Imagine that you’ve worked hard to climb the corporate ladder, earning a degree from a top university, and landing a high-paying job in your field. You feel secure in your position, confident that your skills and expertise make you indispensable. But then, along comes artificial intelligence (AI), threatening to tip the scale and disrupt the job market in ways you never imagined.
The startling truth is that AI poses a risk not just to low-skilled, blue-collar workers, but also to a substantial number of highly paid, white-collar professionals, according to recent findings by the Pew Research Center.
The research revealed that the higher the education, the higher the risk of AI exposure. In fact, employees with a bachelor’s degree or higher (27%) are more than twice as likely to experience significant exposure to AI compared to those with just a high school diploma (12%). In 2022, nearly one in five US workers experienced the impact of AI in their jobs.
The Pew report corroborated a 2020 study by Stanford University’s Michael Webb who examined the correlation between AI-associated patents and job specifications. He discovered that employees with advanced educational qualifications and higher earnings are more susceptible to AI than their counterparts with lower levels of education and income.
The study used a novel approach that matched the content of AI patents to the descriptions of job roles from the Occupational Information Network (O*NET), a database maintained by the U.S. Department of Labor. The method identified the tasks and occupations that are likely to be affected by AI's machine learning capabilities.
The results showed that AI could potentially affect 18% of US jobs, with the impact varying widely across industries and job roles. Workers with a bachelor's degree or higher have an average AI exposure of 57%, compared to 40% for workers with some college education, 25% for workers with a high school diploma or less, and 19% for workers with no formal education. The most exposed sectors include professional, scientific, and technical services; information; finance and insurance; and management.
Both findings challenge common assumptions, which frequently ascribe job losses from automation to workers with lower wages and inferior educational qualifications. The reports, on the other hand, argue that the ramifications of AI may primarily impact individuals in white-collar positions.
So, what are the implications for high-end jobs? It’s crucial to acknowledge that not all high-earning employees will be adversely affected by AI. In fact, some may even reap the benefits of its widespread implementation in the workplace. As AI takes over certain predictive and analytic aspects of their jobs, it may enable workers to enhance their efficiency at creative and decision-making tasks that are inherently human.
On the other side, it’s indisputable that AI presents a risk to specific high-end jobs. As machines grow progressively adept at executing duties that were previously the sole preserve of highly qualified professionals, some employees may be rendered redundant.
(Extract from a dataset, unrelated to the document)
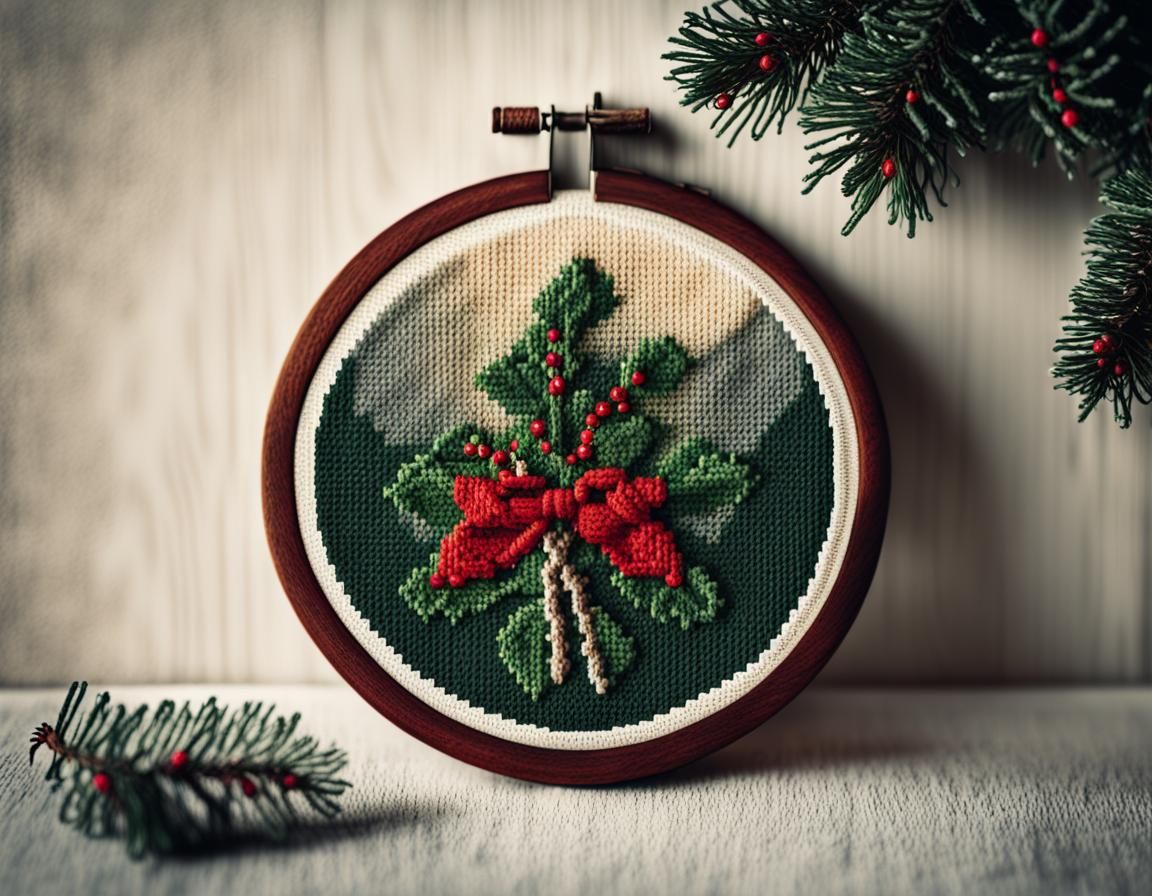 Cross-stitch embroidery :: mistletoe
The potential impacts of AI’s influence on these well-compensated professions bear significant repercussions for both economic growth and social inequality.
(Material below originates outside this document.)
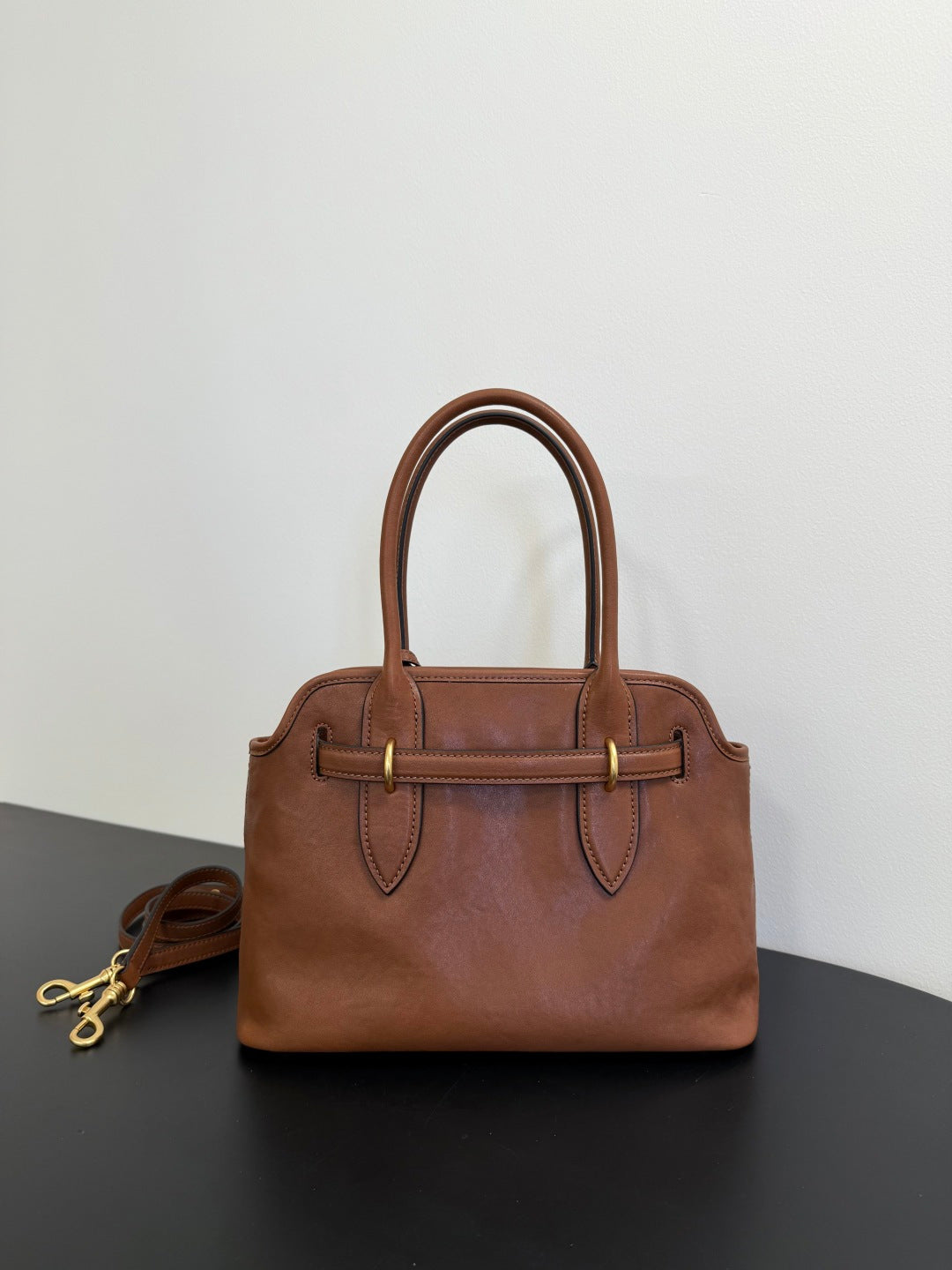 Miu Miu Aventure Belted Leather Tote Bag – Cognac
From the factory floor to the corner office, no one is immune to the disruption brought on by AI. It’s essential to keep up with the latest developments in AI and brace for the changes it may unleash. That means investing in education, training, and upskilling to prepare for the AI revolution that’s already underway.
To ensure that AI is a force for good, we need to establish ethical, legal, and regulatory frameworks that preserve economic growth and social wellbeing. Utilizing AI for social good and positive impact should be our top priority as we navigate this era of rapid change.